Big Plans With Growing Price Tags
Sunday, July 17, 2005
As recently as 1999, $2.5 billion was supposed to be enough to build two of the region's most ambitious transportation projects: an 18-mile highway across the Maryland suburbs and a 22-mile Metro line from Falls Church to Dulles International Airport.
Six years later, that amount isn't enough to finance either. The cost of Maryland's intercounty connector is $2.4 billion, and finance charges could push the price to $3 billion. It would cost as much as $2.4 billion to extend Metro just halfway to Dulles.

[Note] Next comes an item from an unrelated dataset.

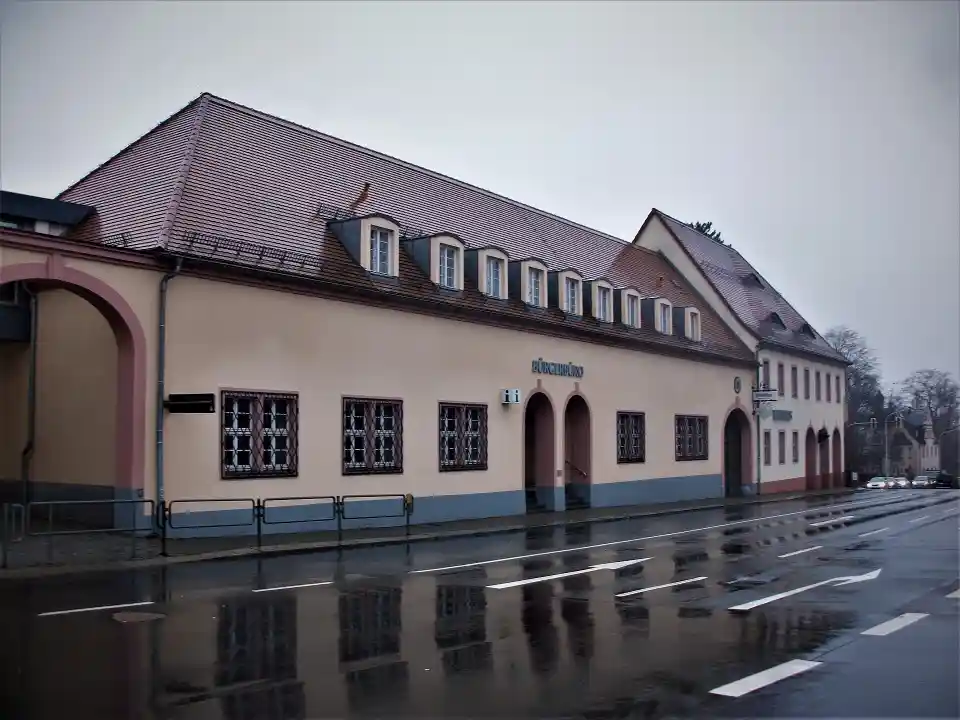 Polizeipräsenz bei Nacht in Limbach – Symbolbild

The steadily escalating price tags of the Washington region's two largest proposed transportation projects are at the heart of debates this summer as one, the connector, nears construction after 40-plus years of indecision and as managers of the other struggle to keep its costs down.
Are they still worth it?
The answer depends on how you look at it. Whether a project is worth building depends primarily on how much it costs, how much time people will save when they use it and how much economic development it will generate. It's also critical to consider whether the cost of one project saps too much money from others.

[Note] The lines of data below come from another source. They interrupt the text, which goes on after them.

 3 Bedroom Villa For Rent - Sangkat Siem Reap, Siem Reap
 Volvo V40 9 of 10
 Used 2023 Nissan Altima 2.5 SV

Then there are factors that are harder to tally, such as what impact the project will have on the environment, how the area around it will grow and even whether people will like its look and feel.
In 2010, according to projections, the connector would carry about 80,000 vehicles a day, equaling $37,500 per driver. In 2011, planners say, the rail extension would add 15,100 riders to Metro, or $158,940 for each.
Those are damning figures to opponents and on the high end of similar projects, transportation experts said.
But benefits of large projects aren't limited to time savings enjoyed by users. They often serve as the backbone of business expansion, and that benefits the entire state.
"As costs go up for these kinds of projects, generally the benefit picture still outweighs the costs," said Hani S. Mahmassani, director of the Maryland Transportation Initiative at the University of Maryland.
David L. Lewis, chief executive of HLB Decision Economics and a leader in analyzing projects, agreed: "Congestion-relieving projects, especially those that were already worthwhile 20 years ago and still haven't been done, simply become more and more worthwhile as time goes on."
But Lewis said rising costs also raise the question of whether a particular project "is the next best project to do."